Tuesday, April 16, 2024
The Observer

March of the Titans

I’m in the ACE building, and I promise I’m the least productive person here (besides the guy who’s been napping for the past hour next to a box of Girl Scout Cookies). I’m surfing through my high school newspaper archives, reminiscing about those simpler times at my alma mater, T.C. Williams High School.
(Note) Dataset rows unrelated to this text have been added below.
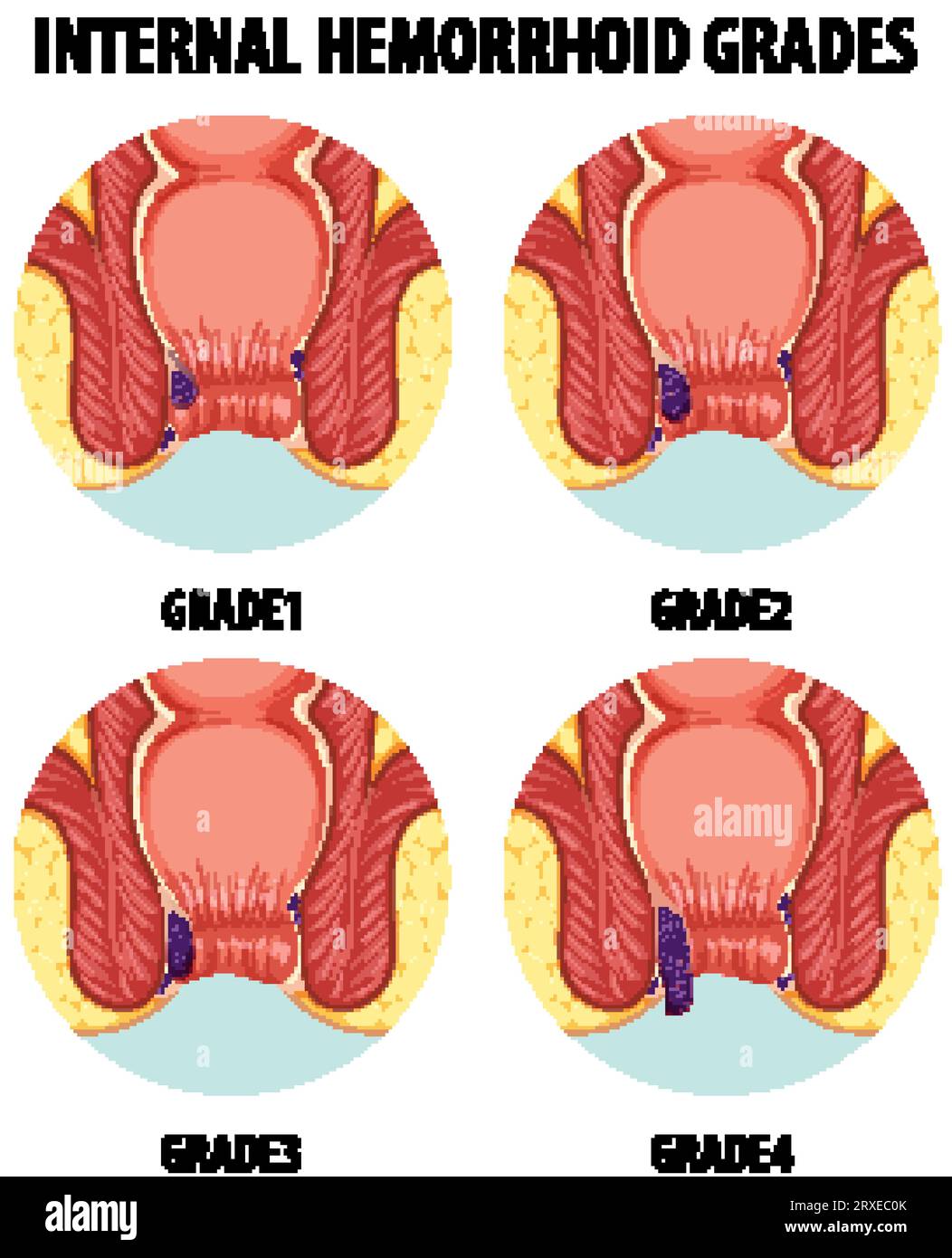 Hemorrhoidectomy 2024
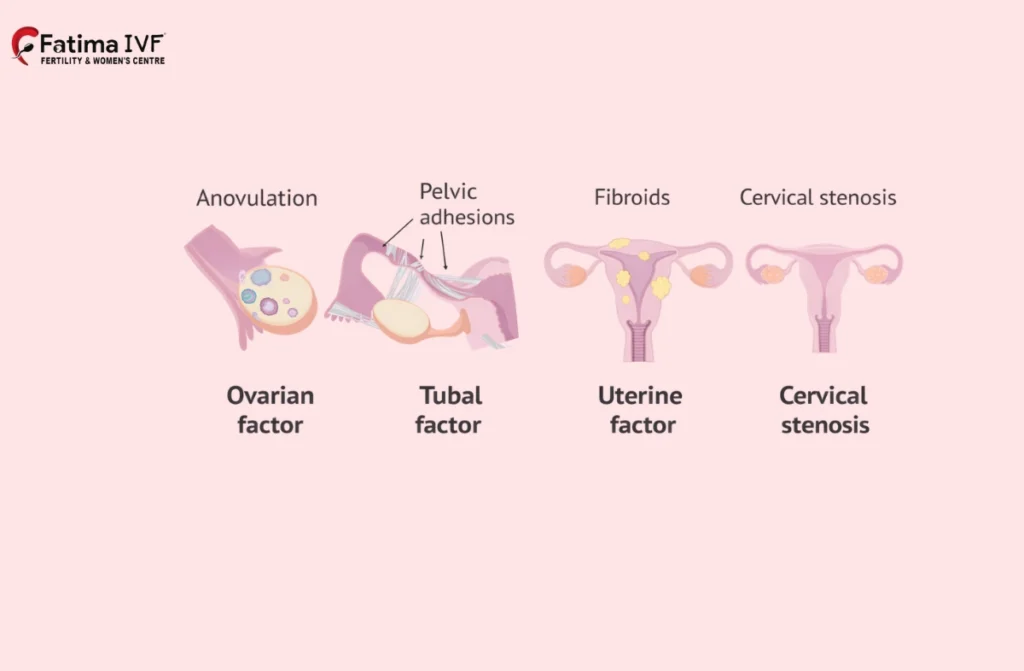Causes of Female Infertility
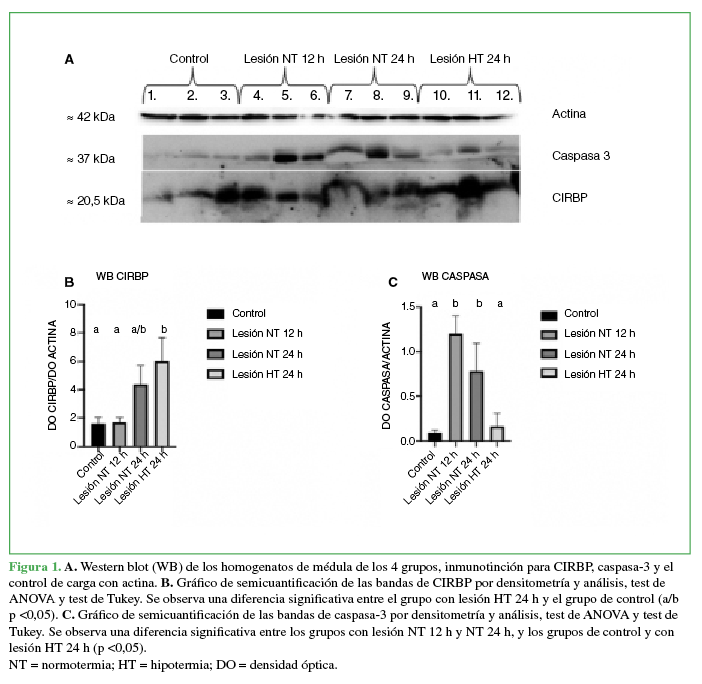 A.
Western blot (WB) de los homogenatos
de médula de los 4 grupos, inmunotinción para CIRBP,
caspasa-3 y el control de carga con actina. B. Gráfico de semicuantificación de las
bandas de CIRBP por densitometría y análisis, test de ANOVA y test de Tukey. Se
observa una diferencia significativa entre el grupo con lesión HT 24 h y el
grupo de control (a/b p <0,05). C.
Gráfico de semicuantificación de las bandas de
caspasa-3 por densitometría y análisis, test de ANOVA y test de Tukey. Se
observa una diferencia significativa entre los grupos con lesión NT 12 h y NT
24 h, y los grupos de control y con lesión HT 24 h (p <0,05). NT = normotermia; HT = hipotermia; DO = densidad óptica. 

 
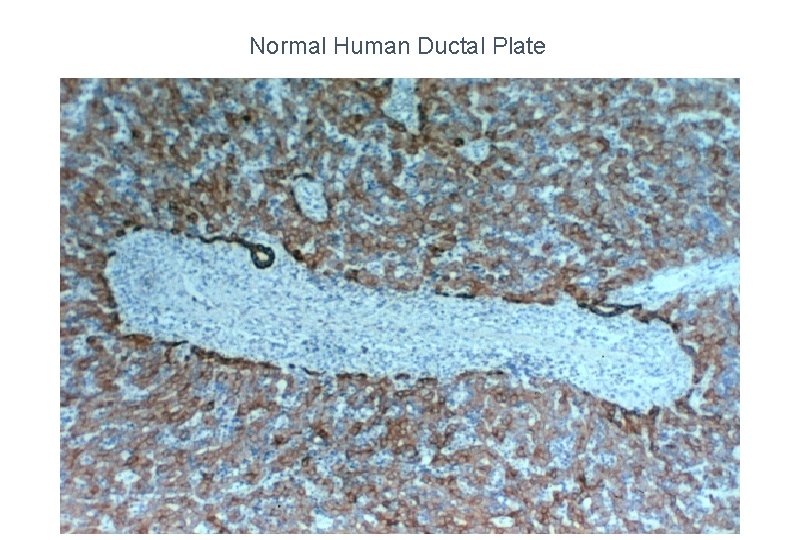 Normal Human Ductal Plate 
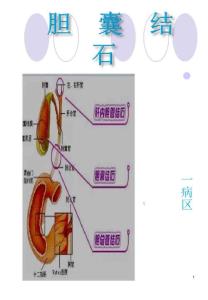 胆囊结石课件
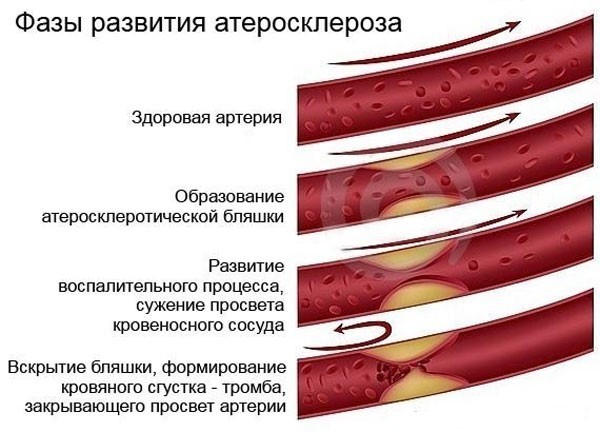 Атеросклероз верхних конечностей: симптомы, лечение сосудов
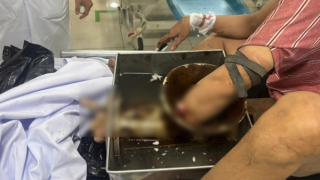 Nguy cơ tiềm ẩn và hậu quả khó lường từ máy xay thịt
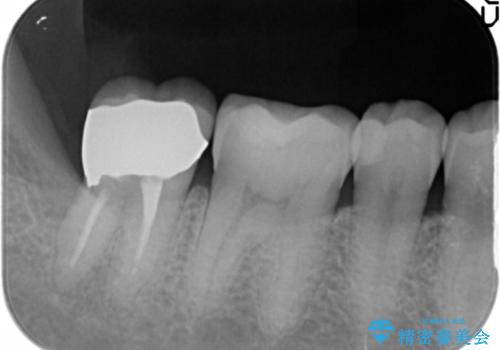 奥歯に違和感がある 30代男性の治療後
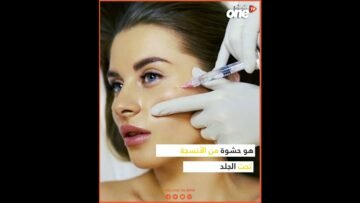لا تجربوا البوتوكس أو الفيلر قبل هذه السن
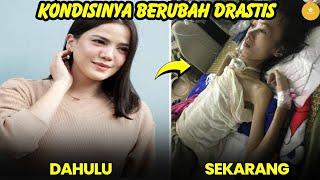 Pantas Tak tampil di TV lagi, 8 artis ini alami sakit parah & sedang berjuang untuk kesembuhannya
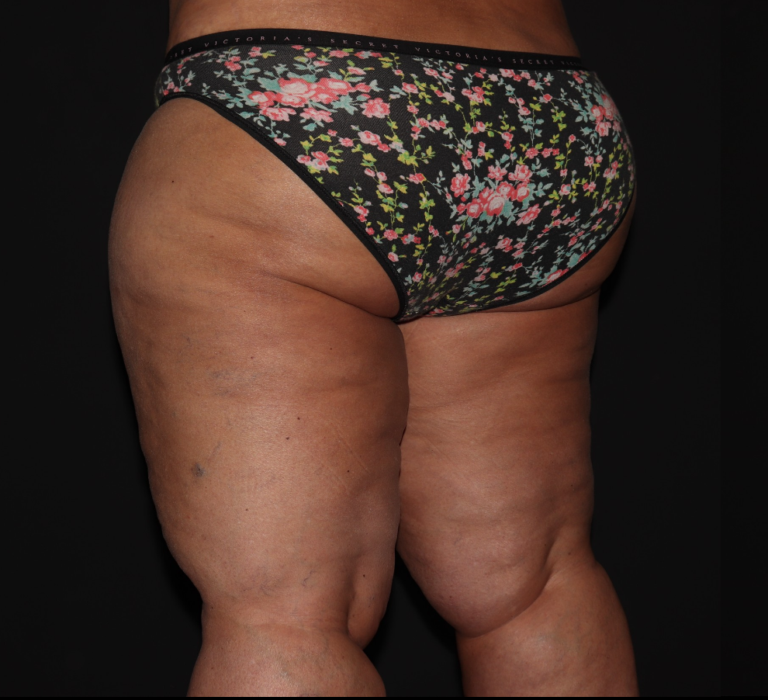 Before Image: Stage 3 - left-back-oblique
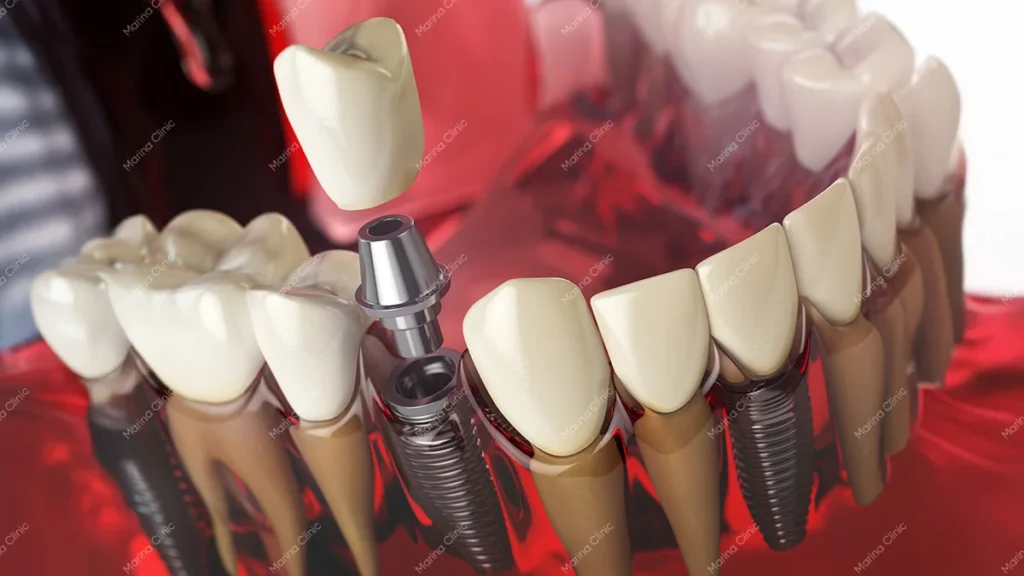 dental illustration showing white dental crowns and titanium implants alongside natural teeth.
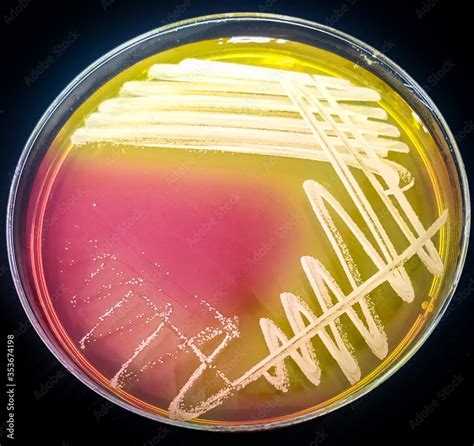 staphylococcus aureus growth on Mannitol salt agar 24h, incubate at 37 ...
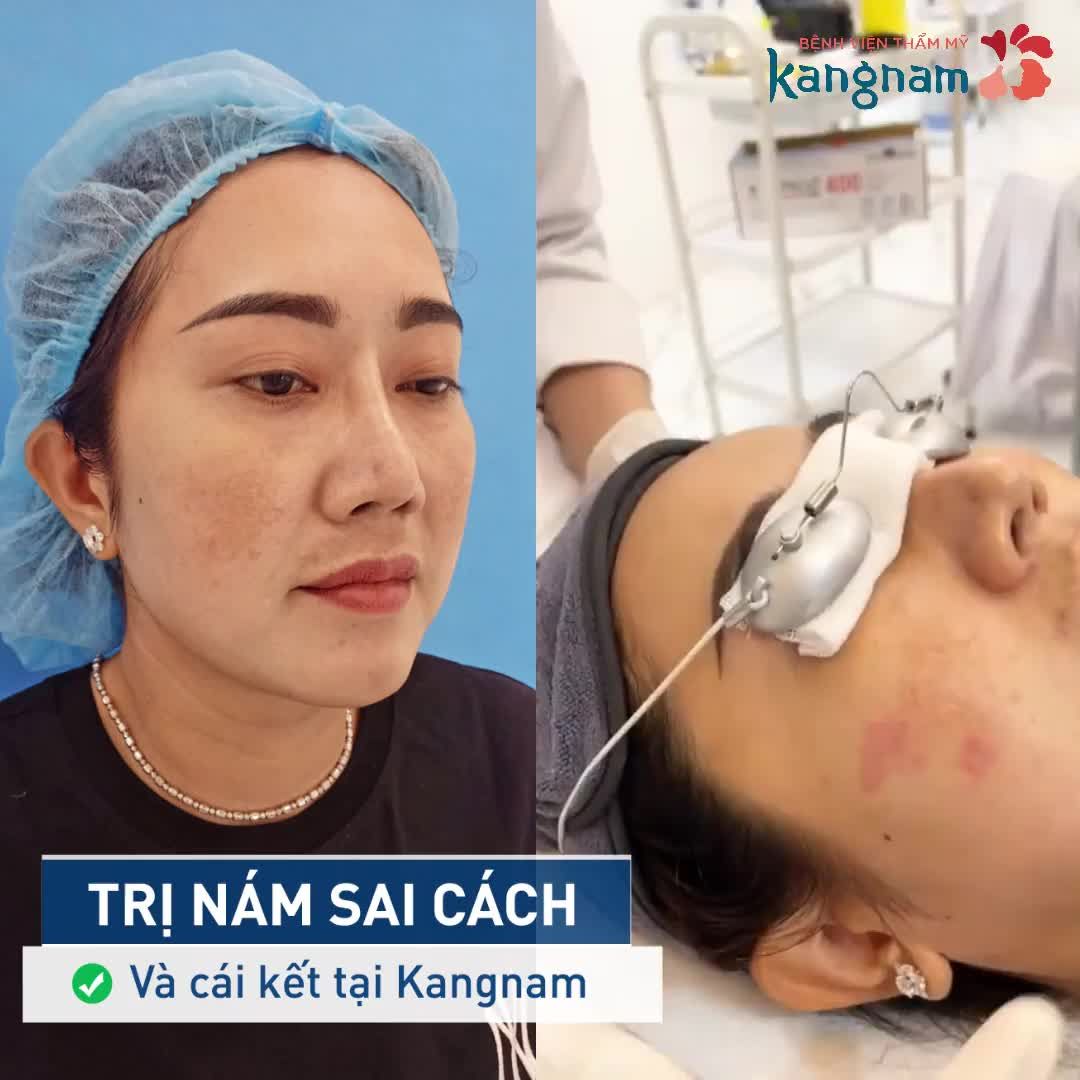 Lúc nám nó lan ra chị lo lắm, xong bạn chị khuyên đến bệnh viện. Nghe bác sỹ tư vấn với thăm khám thì nhẹ lòng hẳn, giờ cứ theo liệu trình mà trị thôi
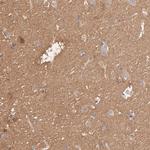 SEPT6 Antibody in Immunohistochemistry (Paraffin) (IHC (P))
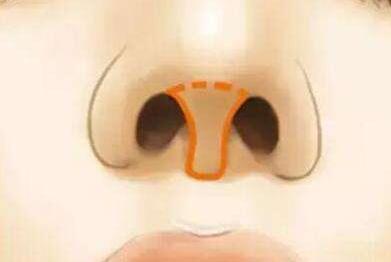 哪些鼻小柱畸形需要手術(shù)矯正，快看看你是不是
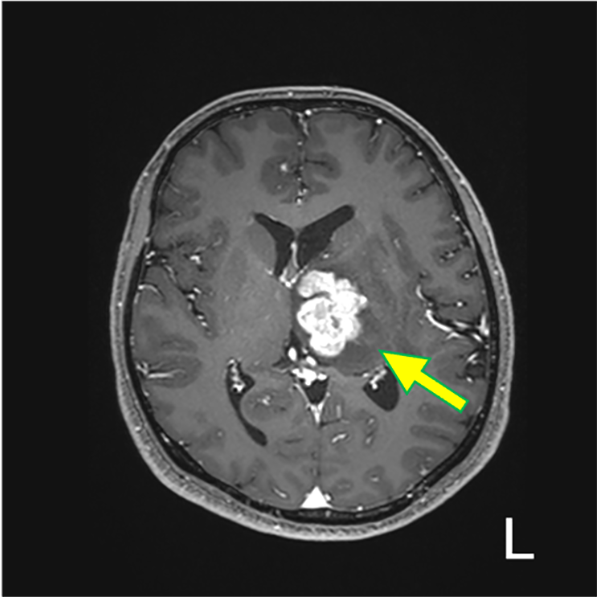 図5．造影後　T1WI (Tra.)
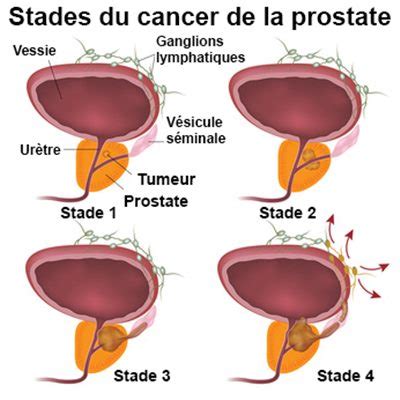 Qu Est Ce Qui Cause Le Cancer De La Prostate CancerWalls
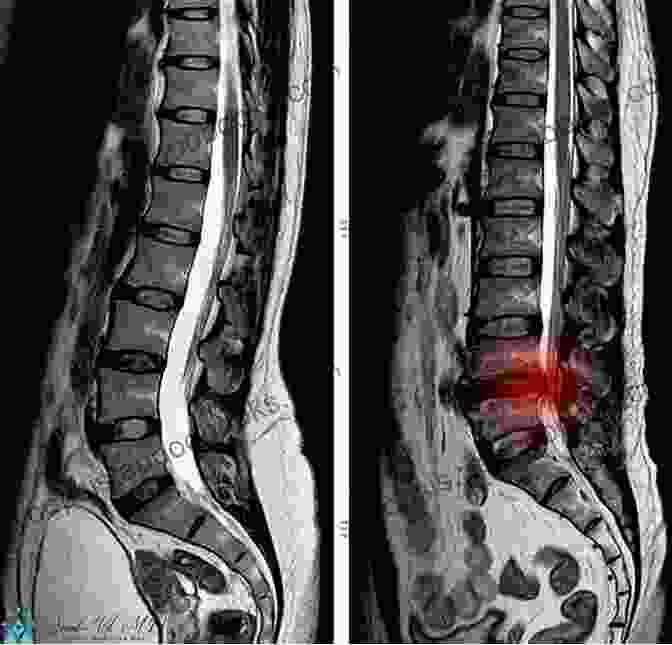 MRI Scan Of The Lumbar Spine Microneurosurgery Volume IVA: CNS Tumors: Surgical Anatomy Neuropathology Neuroradiology Neurophysiology Clinical Considerations Operability Treatment Options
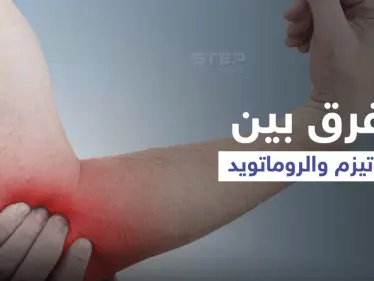 الفرق بين الروماتيزم والروماتويد.. إليك أهم المعلومات - وكالة ستيب نيوز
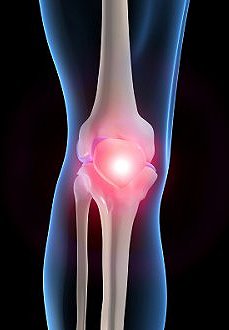 What is knee arthritis? Google image from http://z.about.com/d/orthopedics/1/0/N/4/knee.jpg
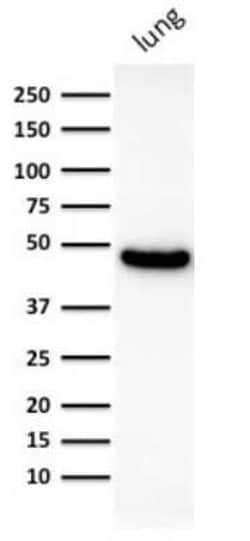 Cytokeratin 19 Antibody (KRT19/800), Novus Biologicals 0.1mg; Unlabeled:Antibodies,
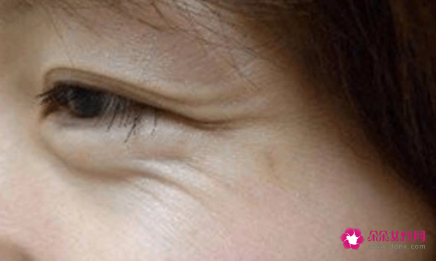 女人脸部长皱纹该怎么办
And, while a part of me really wanted to go to the hockey game tonight because I love hockey (boys), I’ve decided there’s no place I’d rather be than here.

Here I am, wearing my pinnacle college outfit in my college body, running on five hours of college sleep from a chaotic college weekend and I’m reflecting on my high school self. 

And of course, I’m feeling that all-too-familiar pang of emotion as I read through articles I wrote when I was 15, 16 and 17—those years before I had my driver’s license or first glass of wine or first kiss, those years before I knew I’d end up here, in the ACE building on a March day with the stress of my Italian midterm oral presentation and marketing analysis essay looming over my head (I haven’t started either). 

Here I am, feeling something like nostalgia and dissociation all at once, as I confront, for the first time in a long time, the profound space between who I am now and who I was in high school, the world I’m creating here and the world I created back home, on the cusp of adulthood.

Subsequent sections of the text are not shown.